In my family, Easter Egg hunts are not for amateurs.
Obviously the children don't need professional qualification, but if you're going to host the hunt you better be prepared to go the full monty in prizes, food and overall child adventure experience.
At 44 years of age, 1,000 miles from my root family, with my children grown, I've accepted the challenge. Twelve children between the ages of two and nine must be amused, amazed and astounded.
I still have to buy the big plush prizes and candy, but a large box from Oriental Trading arrived yesterday with prize items ordered in lots of a dozen, as well as Easter cupcake wrappers, full-floor coloring sheets and bunny tracks to place around the yard. The box includes stitched braclets that say "You're No Bunny Til Some Bunny Loves You," kalidescopes, pinwheels, tops, bunny glitter putty, customizable picture frames, Easter bubbles, Easter sidewalk chalk, bunny masks, bunny shaped loop straws... and the item that certifies my younger daughter's genius.

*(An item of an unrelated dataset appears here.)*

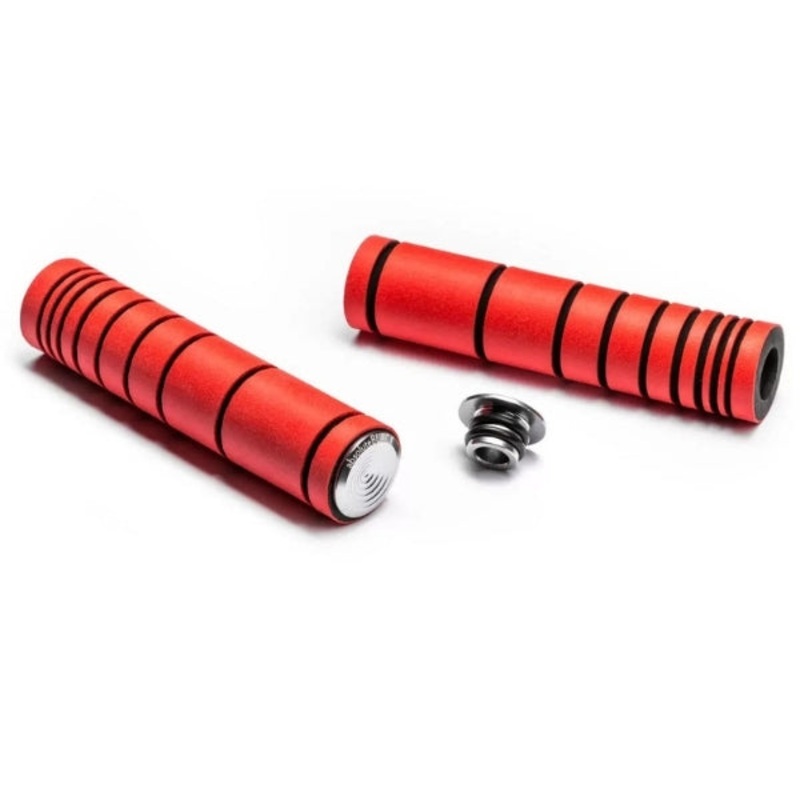 Absolute Black MTB Silicone Grip (With Bar Plugs) – Fluo Red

I looked right passed "Bunny with Putty Eyes" in the catalogue, but Jen saw the possibilities.
What could be exciting about small, flexible plastic rabbit heads?
How about the wad of gelatinous putty inside that pops through the eye holes when you squeeze the back of the head including little dark spots that somehow line up to represent bulging irises.
When I opened the package I was appalled and then amused. Jen loved them and quickly pointed out the squeezing action makes a "snot sound" if you listen closely. I knew then that each of our guests would be listening closely and that, dressed in Easter finery with myriad options before them... this two inch item would enrapture them.
I immediately got online to order more, but they are sold out. Obviously Jen wasn't the only one to see the possibilities that went right by me.
There are those of you that might say this a disgusting bastardization of an event that has deep sacred meaning to others. Unless you bought a ticket to that Gibson flick, I'll accept that criticism.
But I know what kids like, and thanks to my younger daughter, we're delivering.